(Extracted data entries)
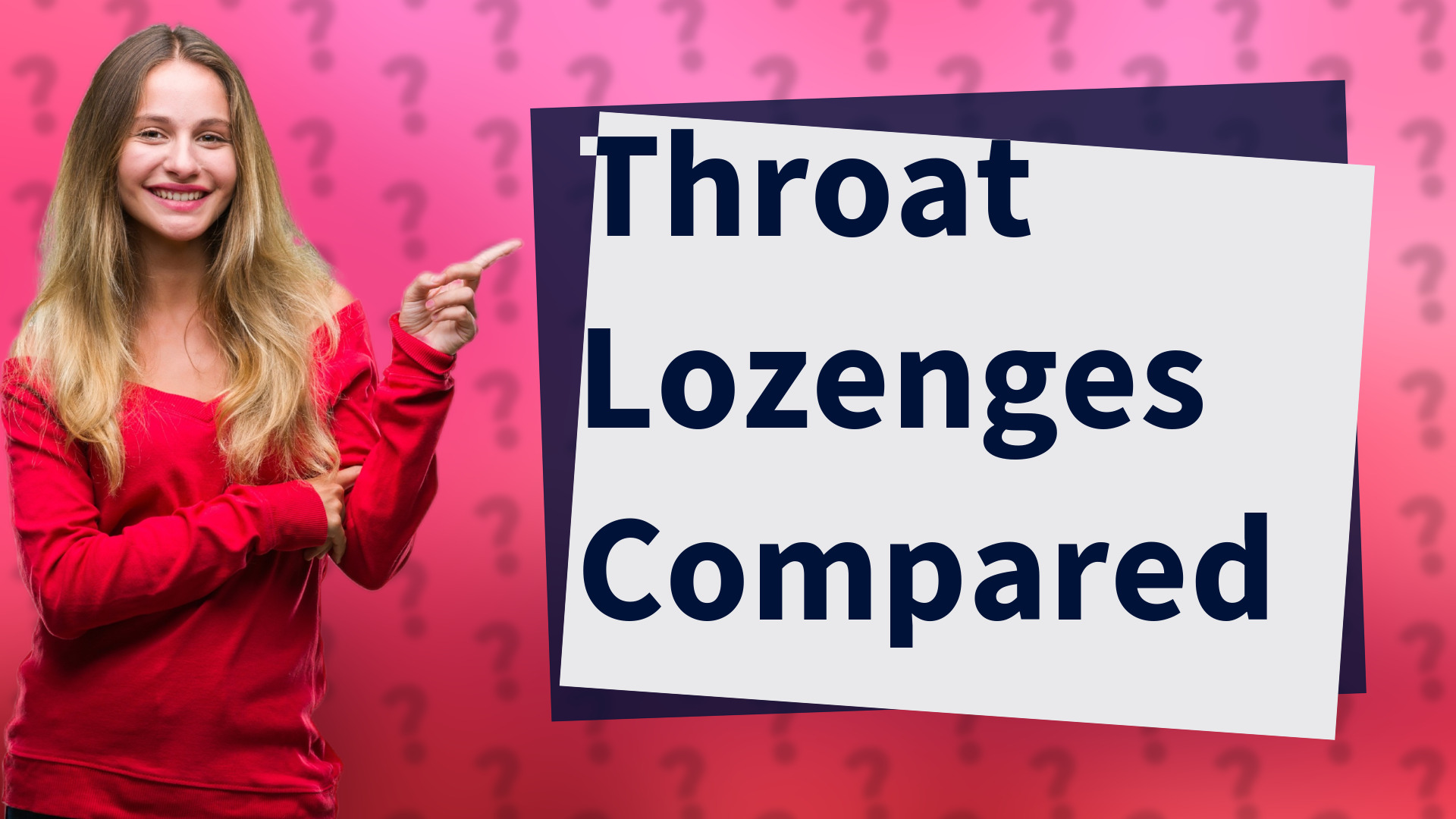 Throat Lozenges Compared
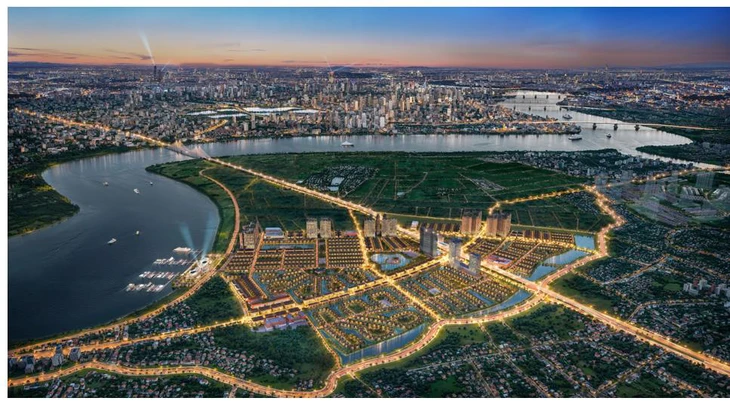Alluvia City vững chãi với đê kép và cốt nền vượt trội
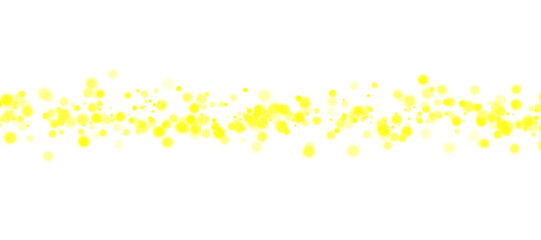 Yellow bokeh PNG. Soft blurred yellow bokeh light glow on transparent background.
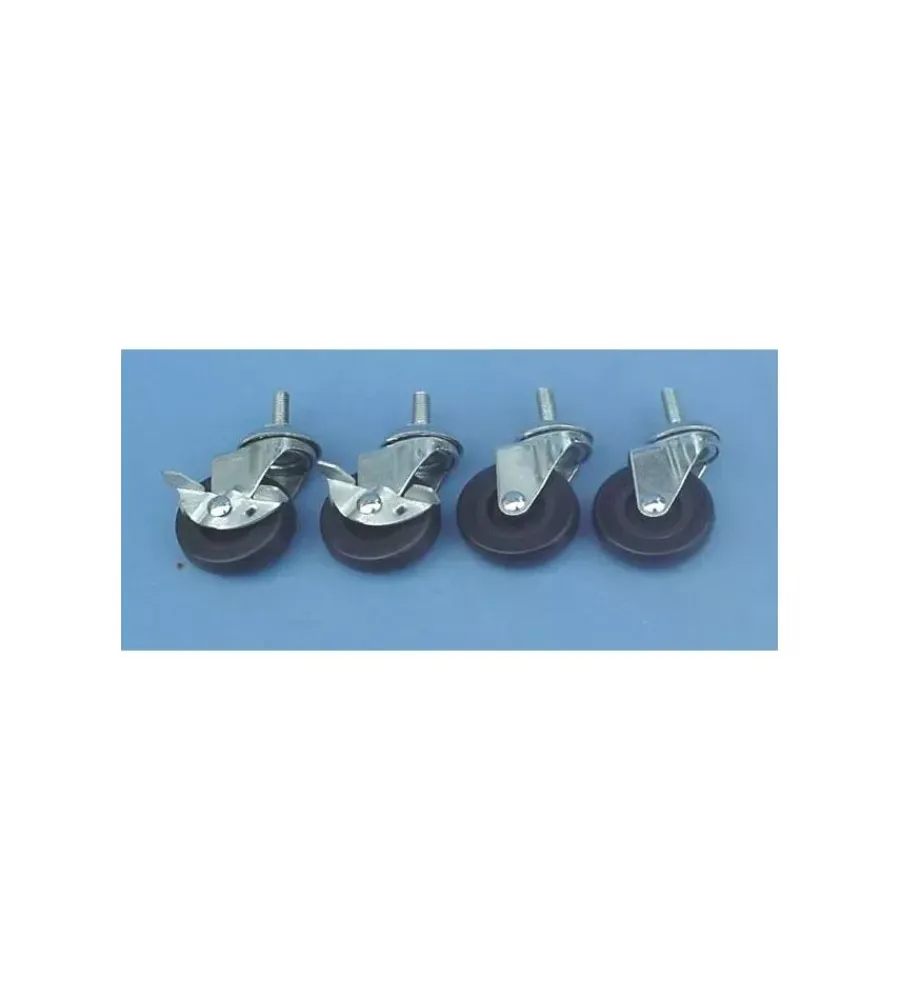 Decorazione Ambienti-Easy System Set di ruote - 4 pezzi - 5cm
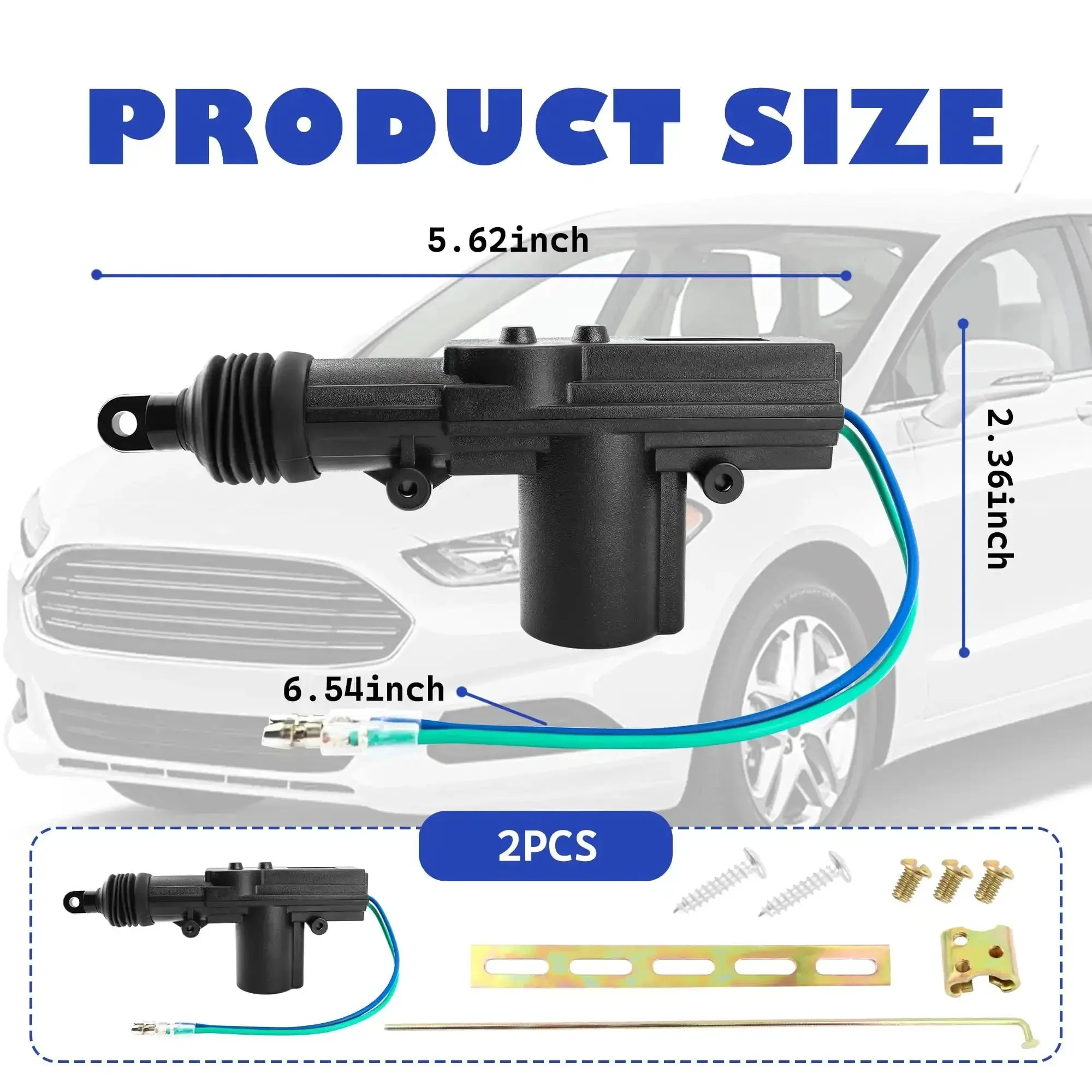 Two Piece Motorized Door Lock Actuator Kit With Tool Set 12V Two Wire Car Unlock System Universal Power Door Lock Actuator Fits Most Vehicles And Upgrades Your Ride With Convenience And Security - Image 7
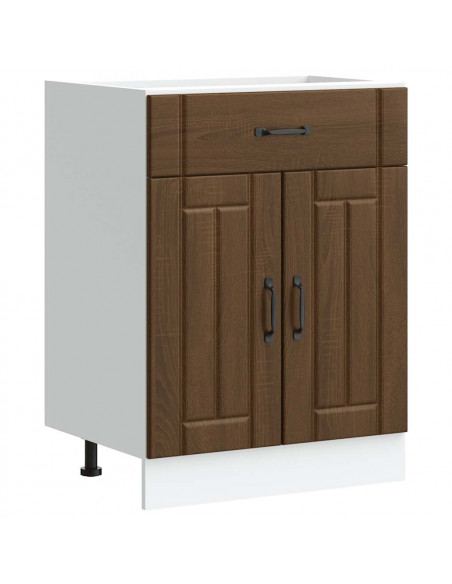 Base da Cucina Lucca Rovere Marrone in Legno Multistrato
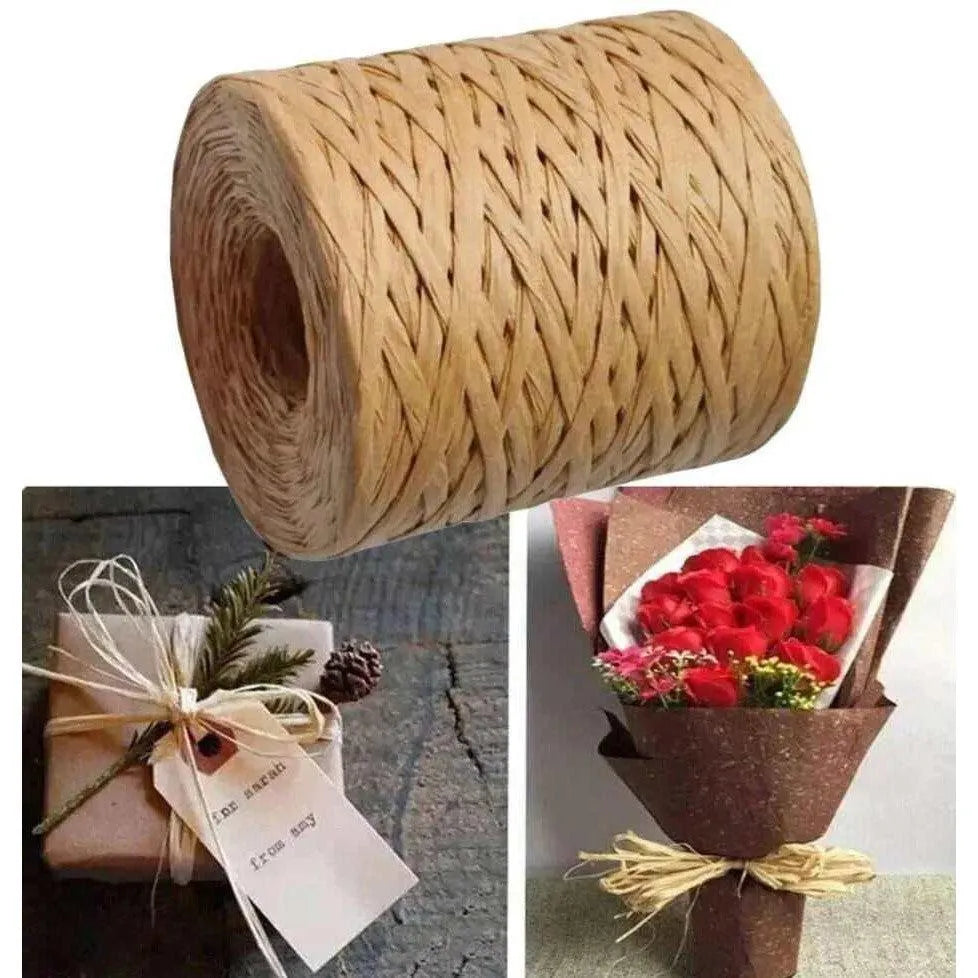 Paper Ribbon For Gift Wrapping and Party Favors 200 Meters Wreath Decor Bouquet Ribbon Roll Packaging Supplies Party Favors Wrapping Ribbon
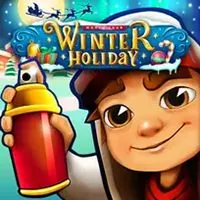 Subway Surfers Winter Holiday - unblocked games 77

Your task
All that is needed is an exact copy of the entries above, minus the pictures.

Solution
 Throat Lozenges Compared
Alluvia City vững chãi với đê kép và cốt nền vượt trội
 Yellow bokeh PNG. Soft blurred yellow bokeh light glow on transparent background.
 Decorazione Ambienti-Easy System Set di ruote - 4 pezzi - 5cm
 Two Piece Motorized Door Lock Actuator Kit With Tool Set 12V Two Wire Car Unlock System Universal Power Door Lock Actuator Fits Most Vehicles And Upgrades Your Ride With Convenience And Security - Image 7
 Base da Cucina Lucca Rovere Marrone in Legno Multistrato
 Paper Ribbon For Gift Wrapping and Party Favors 200 Meters Wreath Decor Bouquet Ribbon Roll Packaging Supplies Party Favors Wrapping Ribbon
 Subway Surfers Winter Holiday - unblocked games 77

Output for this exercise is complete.